The V10 will, of course, be powered by the same Kirin 970 used on the Mate 10 devices. It will, however, see a slight battery downgrade from 4000 mAh to 3750 mAh. It will feature the same 20 MP + 12 MP dual rear camera setup, albeit without the trappings of Leica lenses; and a 13 MP selfie shooter that's a slight upgrade on the 8 MP one on the Mate 10. Unlike the Mate 10 Pro, it will sport a 3.55 mm headphone jack, a feature that is quickly becoming a privilege on flagships.
The Honor 8 was sold officially in the US but the Honor 9 wasn't, so we're not sure about the V10's potential availability in the US. The Mate 10 Pro will be sold under AT&T as the first step in a partnership between Huawei and the American telecommunications company, however, so there's a chance the V10 gets the same treatment.

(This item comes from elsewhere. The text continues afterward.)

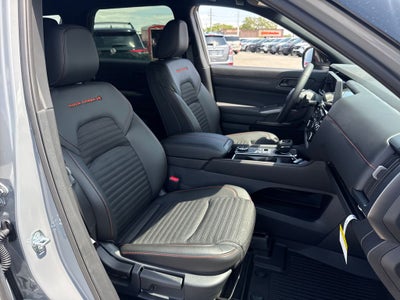 2026 Nissan Pathfinder Rock Creek®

Being available in the US would give it the platform it needs to trade proper blows with other flagships that have been released this year—a fight we expect it to gain a semblance of an advantage in. Most of the other flagships have dropped the ball in a number of departments: The displays of the Pixel 2 XL and LG V30, the OnePlus 5's numerous shenanigans, the Essential PH-1's poor camera, the HTC U11's lack of a headphone jack, and Moto Z2 Force's obstinacy and unaccommodating price tag.
At the end of the day, the only flagships without any major issues are the Pixel 2, and Samsung's offerings for the year, but the Note 8 goes for almost twice of the V10's expected MSRP—US$450—so that leaves just the S8 and Google's smaller-sized device.
This is all just conjecture, we admit, as the appraisal of a smartphone by its spec sheet may be a pointless endeavor; Huawei may mess things up—they've been known to. But in the battle of spec sheets, the Honor V10 indubitably sits at the head of the table.
Or close to the head, in any case. We'll find out in ten days.